# Task directions
Please give back all the records exactly, but keep the pictures out.

[Records from a data source]
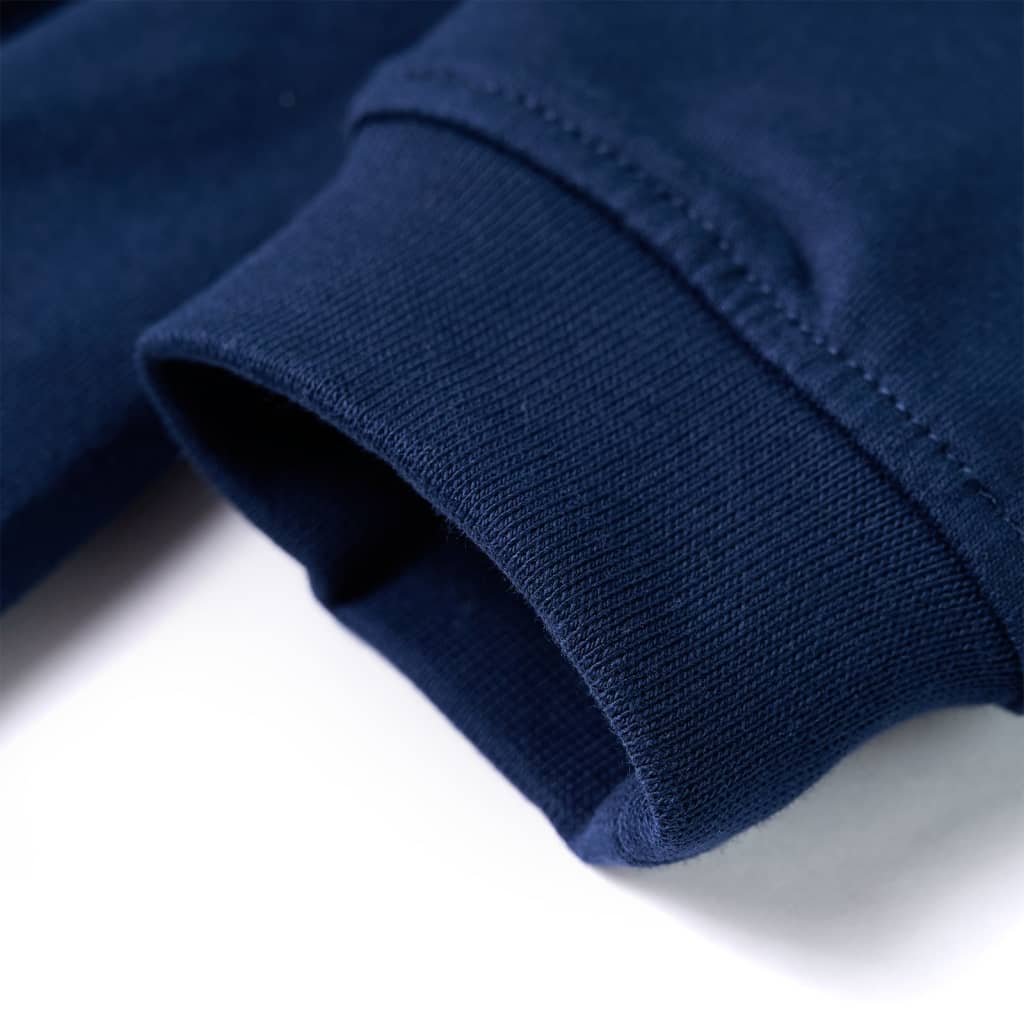 Robe pull enfant bleu marine 92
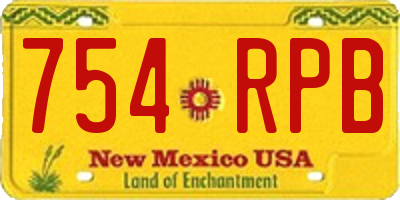 NM license plate 754RPB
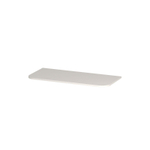 INK Concept R Wastafelblad - 100x45x1.7cm - tbv afgeronde onderkast - MDF lak - Mat wit SW1406228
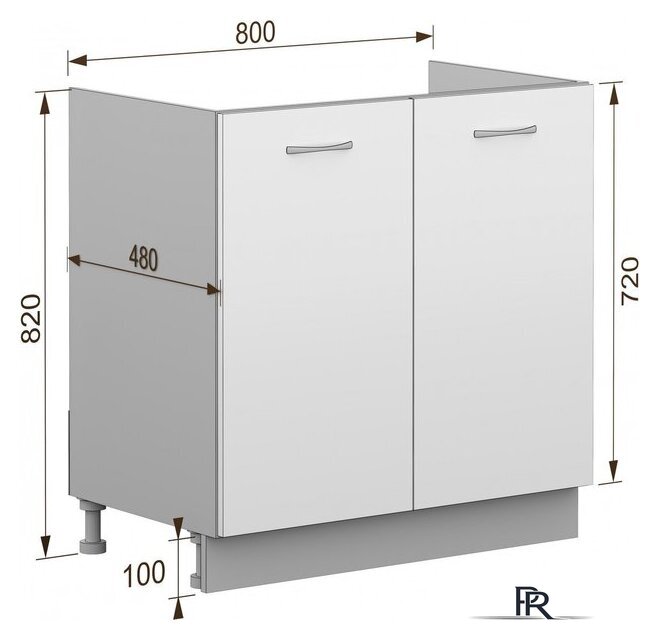 Шкаф напольный Кортекс-мебель Корнелия Лира НШ80м (ателье светлый) - Изображение №3 — Интернет-магазин ПроЗаказ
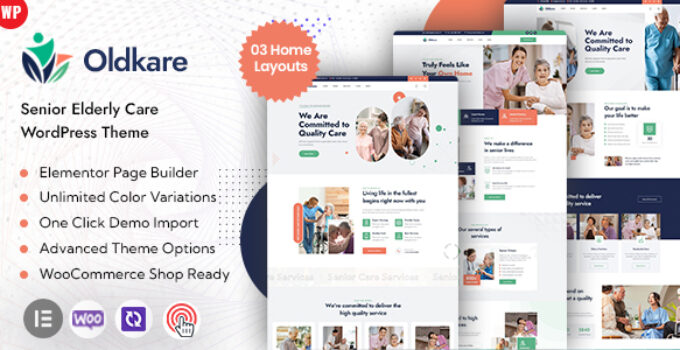 Oldkare – Senior Elderly Care WordPress Theme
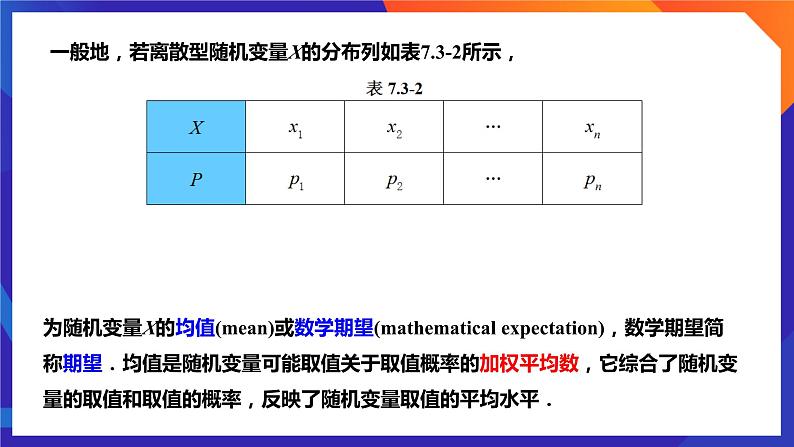 人教A版数学高二选择性必修第三册 7.3.1 离散型随机变量的均值 课件+教案06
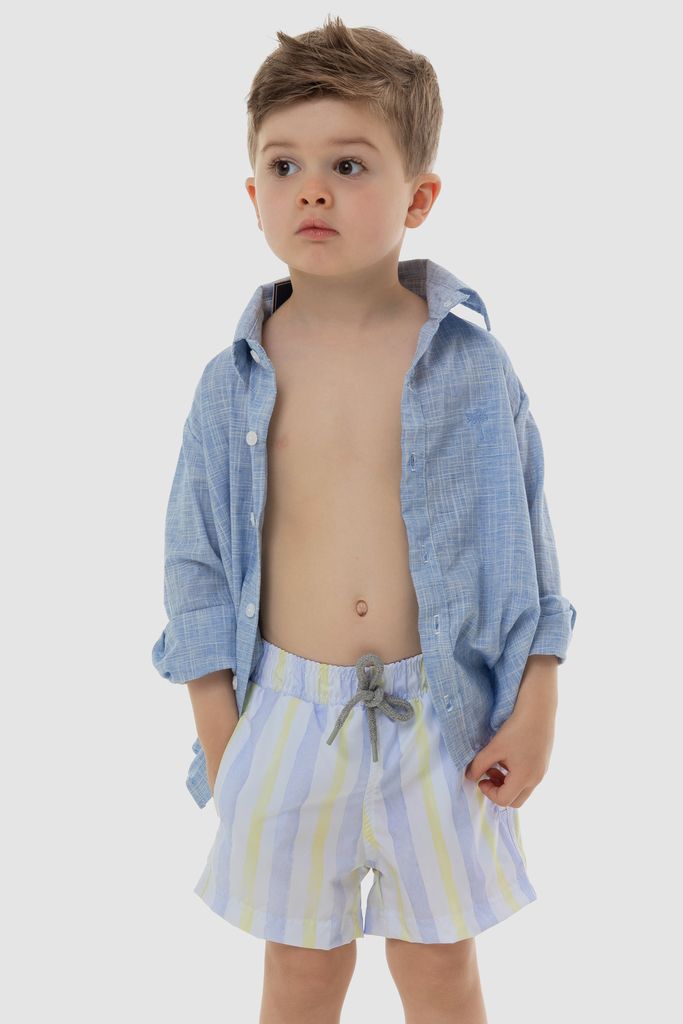 camisa infantil azul bebê 14595 mer bleu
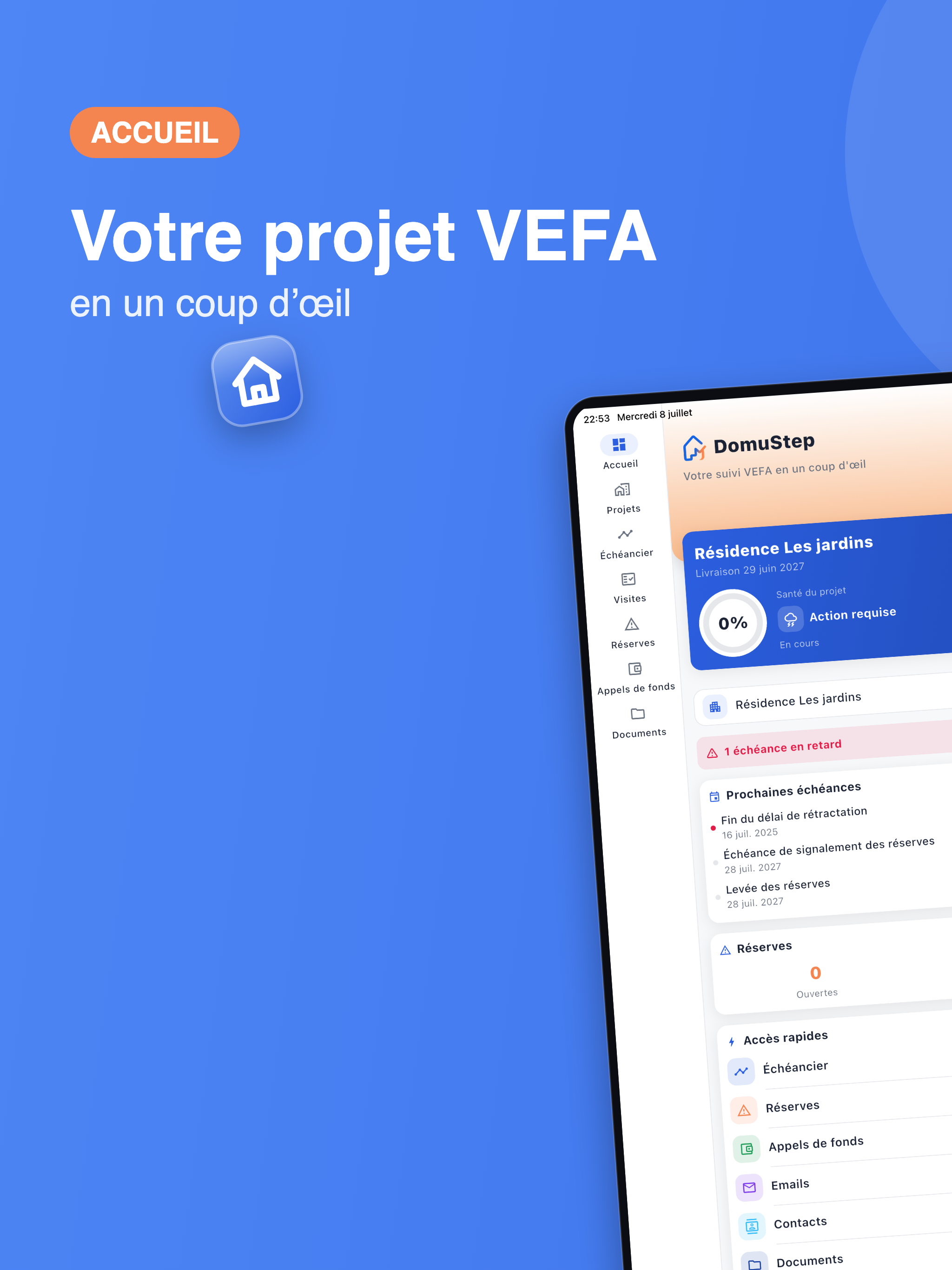 DomuStep : suivi VEFA screenshot 6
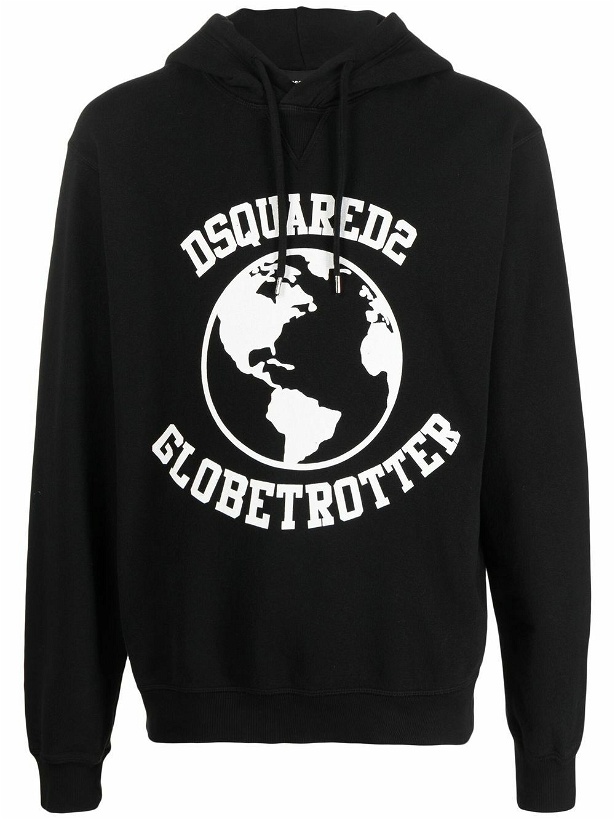 Photo: DSQUARED2 - Cotton Printed Hoodie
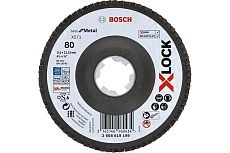 Круг лепестковый BEST FOR METAL 115 мм, X-LOCK, G80 Bosch 2608619199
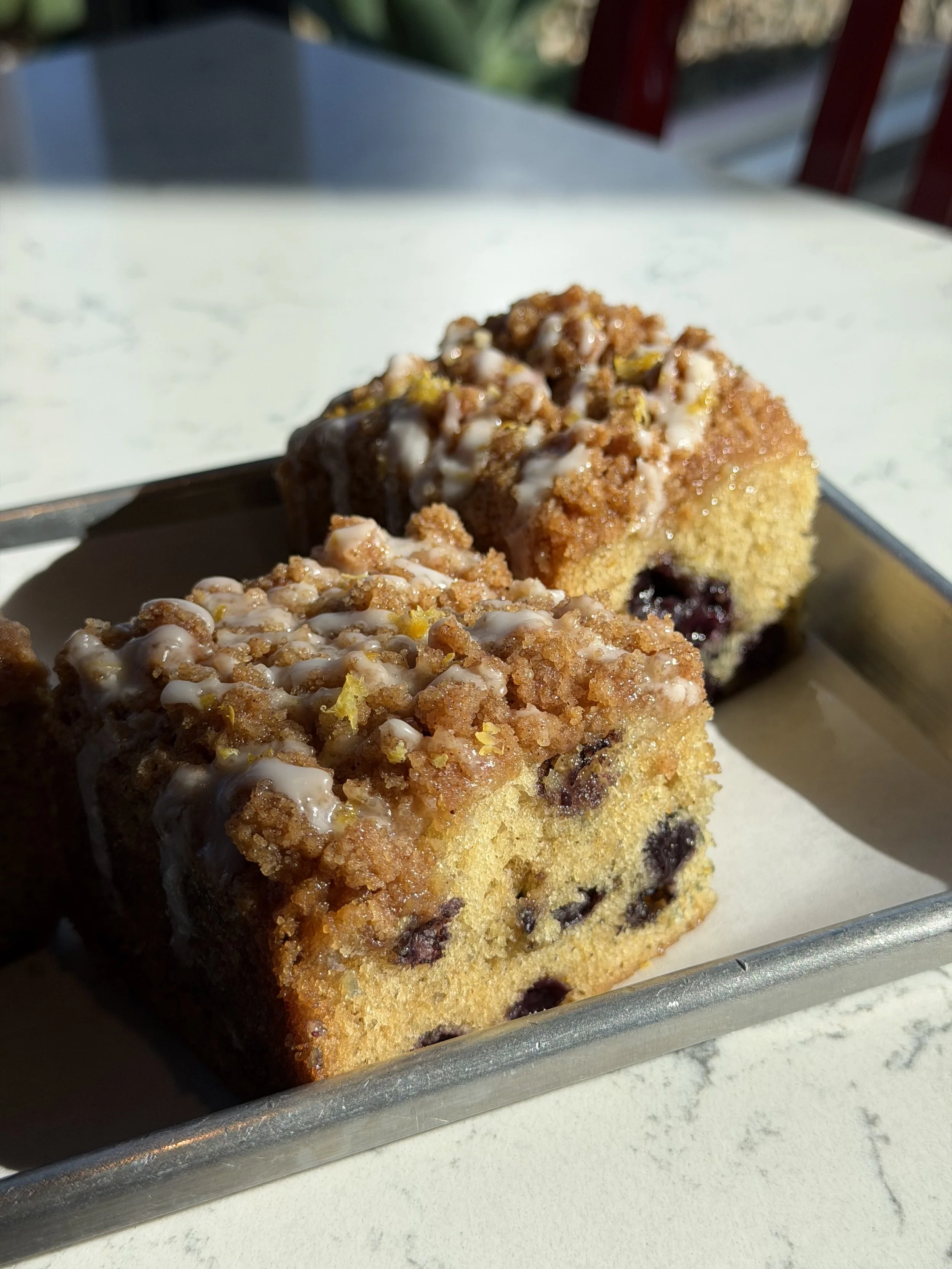 Blueberry Lemon Crumble Cake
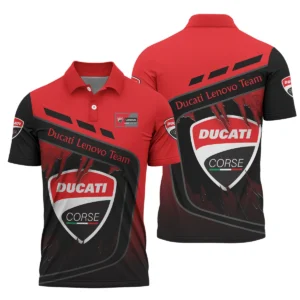 Ducati Lenovo Team Exclusive Logo Polo Shirt QTVAGP060625A8DUC-PL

# Completed exercise
 Robe pull enfant bleu marine 92
 NM license plate 754RPB
 INK Concept R Wastafelblad - 100x45x1.7cm - tbv afgeronde onderkast - MDF lak - Mat wit SW1406228
 Шкаф напольный Кортекс-мебель Корнелия Лира НШ80м (ателье светлый) - Изображение №3 — Интернет-магазин ПроЗаказ
 Oldkare – Senior Elderly Care WordPress Theme
 人教A版数学高二选择性必修第三册 7.3.1 离散型随机变量的均值 课件+教案06
 camisa infantil azul bebê 14595 mer bleu
 DomuStep : suivi VEFA screenshot 6
 Photo: DSQUARED2 - Cotton Printed Hoodie
 Круг лепестковый BEST FOR METAL 115 мм, X-LOCK, G80 Bosch 2608619199
 Blueberry Lemon Crumble Cake
 Ducati Lenovo Team Exclusive Logo Polo Shirt QTVAGP060625A8DUC-PL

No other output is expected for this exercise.